● **Data records**:

※ ※ ※

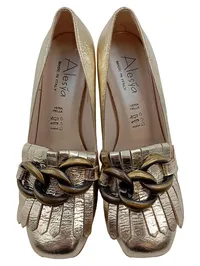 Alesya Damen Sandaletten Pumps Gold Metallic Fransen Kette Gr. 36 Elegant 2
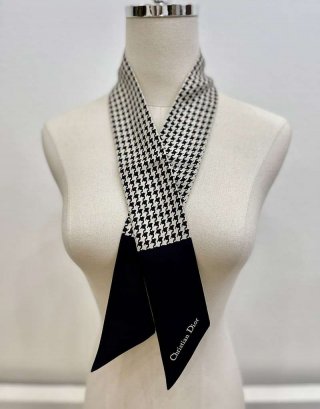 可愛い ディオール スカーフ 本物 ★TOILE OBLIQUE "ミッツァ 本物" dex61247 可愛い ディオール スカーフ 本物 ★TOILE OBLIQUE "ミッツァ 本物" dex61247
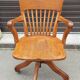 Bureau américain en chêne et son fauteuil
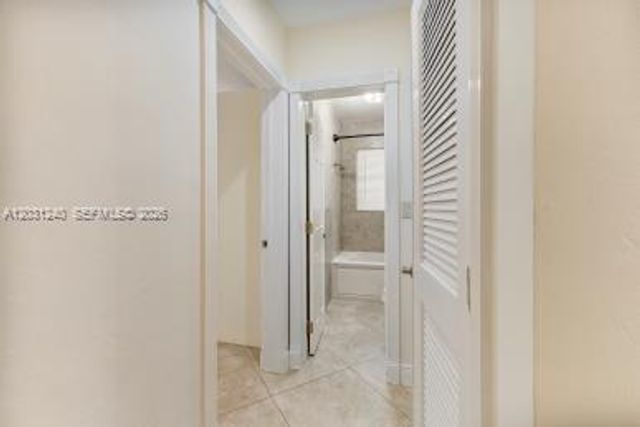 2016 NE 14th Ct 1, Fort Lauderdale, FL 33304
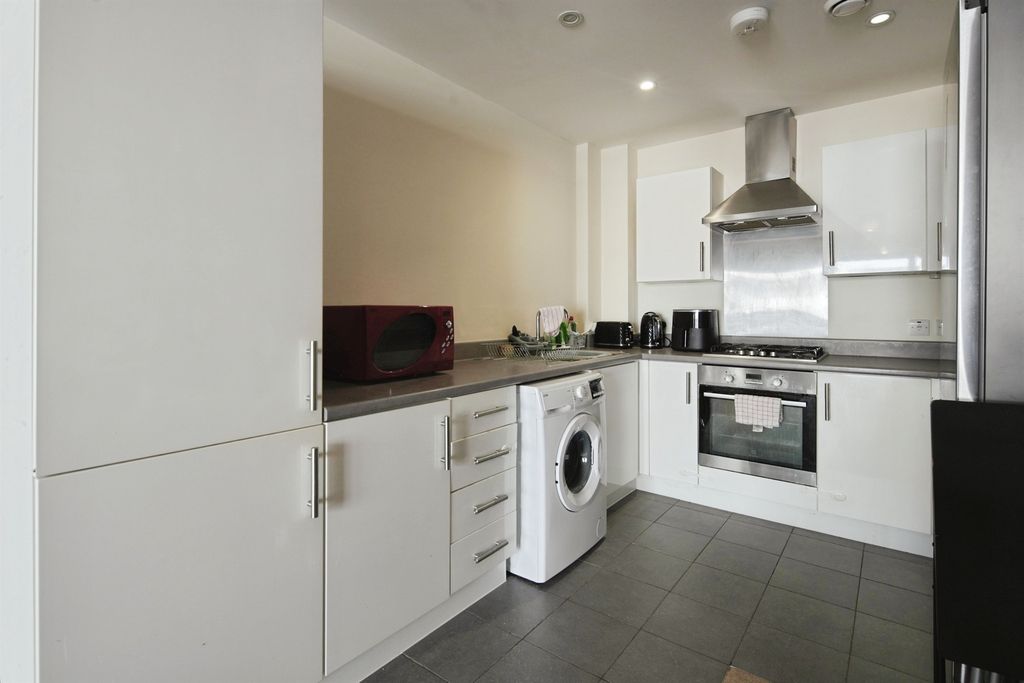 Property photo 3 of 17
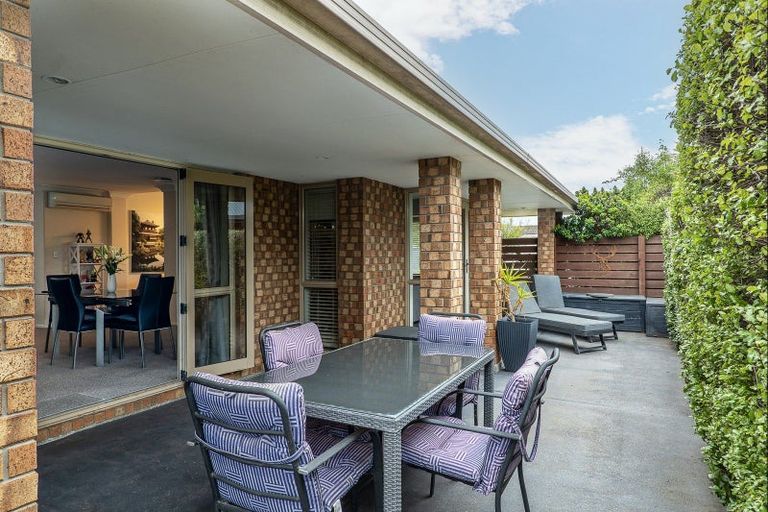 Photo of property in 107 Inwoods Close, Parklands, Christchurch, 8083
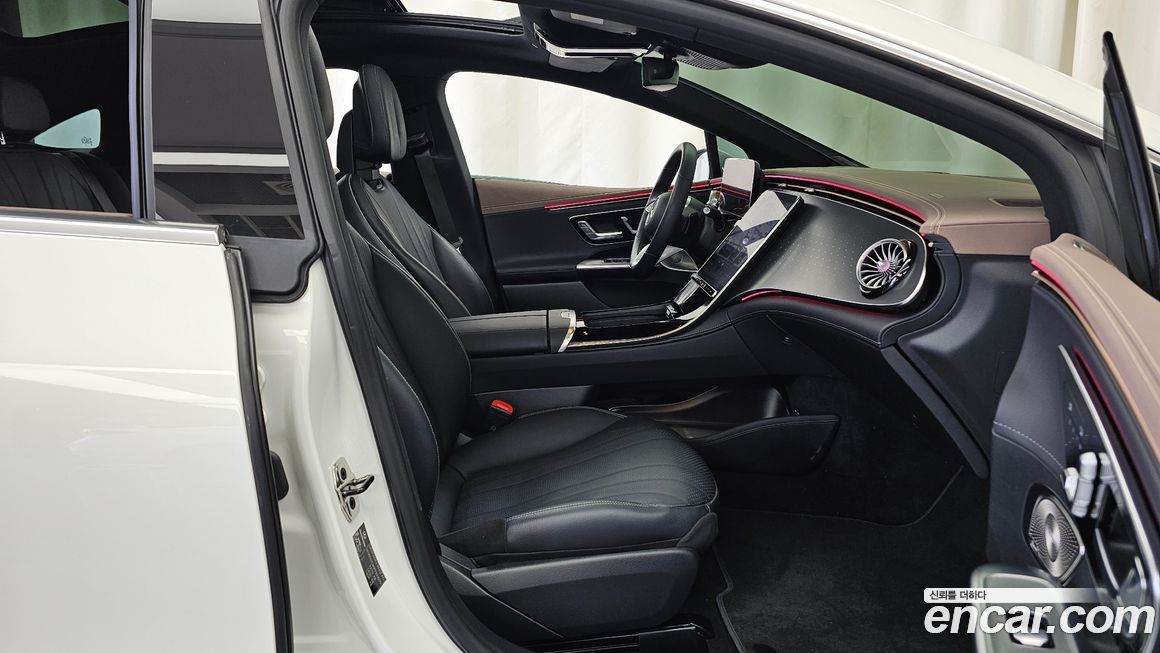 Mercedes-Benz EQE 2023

※ ※ ※

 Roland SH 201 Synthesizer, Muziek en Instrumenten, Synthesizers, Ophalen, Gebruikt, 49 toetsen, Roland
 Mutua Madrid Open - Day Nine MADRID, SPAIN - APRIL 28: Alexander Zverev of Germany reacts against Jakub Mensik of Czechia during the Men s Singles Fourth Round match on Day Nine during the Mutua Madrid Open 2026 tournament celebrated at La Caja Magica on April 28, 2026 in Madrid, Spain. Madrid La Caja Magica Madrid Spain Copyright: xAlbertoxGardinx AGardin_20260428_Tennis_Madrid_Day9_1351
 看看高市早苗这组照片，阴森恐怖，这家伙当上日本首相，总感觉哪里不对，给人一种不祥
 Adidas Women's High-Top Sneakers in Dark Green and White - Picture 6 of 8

※ ※ ※

● **Task item**:
In the listing above, find the line containing "Alesya Damen Sandaletten" and the line containing "Mercedes-Benz EQE 2023". Print those two lines and every line between them exactly, with no pictures.

● **Result for this task**:
 Alesya Damen Sandaletten Pumps Gold Metallic Fransen Kette Gr. 36 Elegant 2
 可愛い ディオール スカーフ 本物 ★TOILE OBLIQUE "ミッツァ 本物" dex61247 可愛い ディオール スカーフ 本物 ★TOILE OBLIQUE "ミッツァ 本物" dex61247
 Bureau américain en chêne et son fauteuil
 2016 NE 14th Ct 1, Fort Lauderdale, FL 33304
 Property photo 3 of 17
 Photo of property in 107 Inwoods Close, Parklands, Christchurch, 8083
 Mercedes-Benz EQE 2023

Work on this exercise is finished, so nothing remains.